* [BRIEF] Show every line of the records below that contains the word "Girl".

━━━

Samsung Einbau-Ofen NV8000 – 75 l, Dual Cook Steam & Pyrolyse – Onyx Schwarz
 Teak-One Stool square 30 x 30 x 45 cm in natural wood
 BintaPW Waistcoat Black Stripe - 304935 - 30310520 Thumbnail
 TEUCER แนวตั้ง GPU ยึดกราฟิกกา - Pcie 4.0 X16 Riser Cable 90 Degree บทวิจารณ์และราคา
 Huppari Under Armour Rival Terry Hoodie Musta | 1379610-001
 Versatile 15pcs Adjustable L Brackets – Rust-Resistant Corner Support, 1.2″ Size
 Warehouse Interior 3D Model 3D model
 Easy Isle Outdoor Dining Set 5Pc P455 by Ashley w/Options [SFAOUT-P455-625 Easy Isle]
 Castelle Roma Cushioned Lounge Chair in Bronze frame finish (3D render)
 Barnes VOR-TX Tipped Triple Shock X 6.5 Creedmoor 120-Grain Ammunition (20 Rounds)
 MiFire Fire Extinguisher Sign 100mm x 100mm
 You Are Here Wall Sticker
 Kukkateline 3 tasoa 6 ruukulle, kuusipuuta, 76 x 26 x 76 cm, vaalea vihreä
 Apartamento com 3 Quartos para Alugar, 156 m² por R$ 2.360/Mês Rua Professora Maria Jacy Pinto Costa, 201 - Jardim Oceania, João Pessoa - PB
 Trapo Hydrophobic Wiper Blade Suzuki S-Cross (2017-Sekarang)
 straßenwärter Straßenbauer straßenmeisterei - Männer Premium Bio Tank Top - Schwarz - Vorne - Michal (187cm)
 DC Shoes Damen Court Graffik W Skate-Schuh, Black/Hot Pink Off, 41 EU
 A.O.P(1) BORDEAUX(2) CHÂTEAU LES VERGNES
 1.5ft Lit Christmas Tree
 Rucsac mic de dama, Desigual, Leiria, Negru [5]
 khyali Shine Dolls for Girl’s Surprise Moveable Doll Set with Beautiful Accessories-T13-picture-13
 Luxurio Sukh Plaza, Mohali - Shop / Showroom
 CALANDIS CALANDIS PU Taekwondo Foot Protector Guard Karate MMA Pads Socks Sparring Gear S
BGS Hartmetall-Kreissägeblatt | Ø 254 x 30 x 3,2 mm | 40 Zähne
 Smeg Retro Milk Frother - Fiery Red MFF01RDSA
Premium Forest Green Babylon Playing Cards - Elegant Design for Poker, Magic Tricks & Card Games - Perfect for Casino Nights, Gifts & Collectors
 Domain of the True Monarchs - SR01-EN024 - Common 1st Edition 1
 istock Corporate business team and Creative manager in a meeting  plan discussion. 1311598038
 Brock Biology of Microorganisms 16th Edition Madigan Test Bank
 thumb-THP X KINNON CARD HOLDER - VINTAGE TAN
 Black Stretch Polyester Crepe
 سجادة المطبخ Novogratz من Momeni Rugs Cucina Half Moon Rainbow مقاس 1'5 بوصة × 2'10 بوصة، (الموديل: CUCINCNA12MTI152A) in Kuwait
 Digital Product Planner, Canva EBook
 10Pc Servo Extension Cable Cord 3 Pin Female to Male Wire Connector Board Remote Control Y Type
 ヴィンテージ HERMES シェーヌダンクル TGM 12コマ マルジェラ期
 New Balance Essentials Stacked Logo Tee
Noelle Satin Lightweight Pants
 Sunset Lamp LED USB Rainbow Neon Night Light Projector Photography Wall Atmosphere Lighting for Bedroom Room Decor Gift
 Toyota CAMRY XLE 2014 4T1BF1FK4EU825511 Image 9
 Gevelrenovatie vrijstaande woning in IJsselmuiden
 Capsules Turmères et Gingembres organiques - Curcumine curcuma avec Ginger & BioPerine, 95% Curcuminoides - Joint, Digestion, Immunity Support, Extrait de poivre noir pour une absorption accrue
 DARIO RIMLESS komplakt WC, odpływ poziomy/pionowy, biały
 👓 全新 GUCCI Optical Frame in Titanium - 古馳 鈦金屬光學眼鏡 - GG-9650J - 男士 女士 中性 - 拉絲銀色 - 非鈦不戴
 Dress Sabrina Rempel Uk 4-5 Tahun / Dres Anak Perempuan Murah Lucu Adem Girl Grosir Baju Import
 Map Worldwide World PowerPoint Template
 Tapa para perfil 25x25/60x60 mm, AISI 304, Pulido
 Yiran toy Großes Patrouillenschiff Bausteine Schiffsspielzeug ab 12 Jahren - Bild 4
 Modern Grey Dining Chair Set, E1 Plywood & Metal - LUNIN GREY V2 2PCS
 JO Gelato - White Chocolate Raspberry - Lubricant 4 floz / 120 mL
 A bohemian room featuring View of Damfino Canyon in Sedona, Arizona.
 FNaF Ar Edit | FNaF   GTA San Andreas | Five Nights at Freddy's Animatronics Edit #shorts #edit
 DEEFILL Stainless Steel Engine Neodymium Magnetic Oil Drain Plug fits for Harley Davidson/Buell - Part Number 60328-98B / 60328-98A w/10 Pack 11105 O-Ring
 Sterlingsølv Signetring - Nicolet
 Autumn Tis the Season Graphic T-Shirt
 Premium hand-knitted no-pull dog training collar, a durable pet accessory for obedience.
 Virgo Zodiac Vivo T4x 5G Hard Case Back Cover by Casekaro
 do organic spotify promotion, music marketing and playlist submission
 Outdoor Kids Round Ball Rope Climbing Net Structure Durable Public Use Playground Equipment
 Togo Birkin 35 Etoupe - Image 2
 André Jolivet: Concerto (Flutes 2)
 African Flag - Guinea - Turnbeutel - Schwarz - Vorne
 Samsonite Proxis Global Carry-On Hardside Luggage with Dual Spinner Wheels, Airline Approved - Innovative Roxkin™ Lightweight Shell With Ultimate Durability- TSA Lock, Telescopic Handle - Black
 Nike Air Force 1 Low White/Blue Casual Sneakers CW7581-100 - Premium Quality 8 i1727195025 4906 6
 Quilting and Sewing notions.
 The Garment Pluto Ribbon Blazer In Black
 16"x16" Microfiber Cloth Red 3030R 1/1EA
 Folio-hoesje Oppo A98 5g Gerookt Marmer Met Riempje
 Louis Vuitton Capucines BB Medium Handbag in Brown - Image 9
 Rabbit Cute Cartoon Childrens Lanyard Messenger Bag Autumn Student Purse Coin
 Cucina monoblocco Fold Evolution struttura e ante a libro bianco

━━━

* [WORKED SOLUTION]
 khyali Shine Dolls for Girl’s Surprise Moveable Doll Set with Beautiful Accessories-T13-picture-13
 Dress Sabrina Rempel Uk 4-5 Tahun / Dres Anak Perempuan Murah Lucu Adem Girl Grosir Baju Import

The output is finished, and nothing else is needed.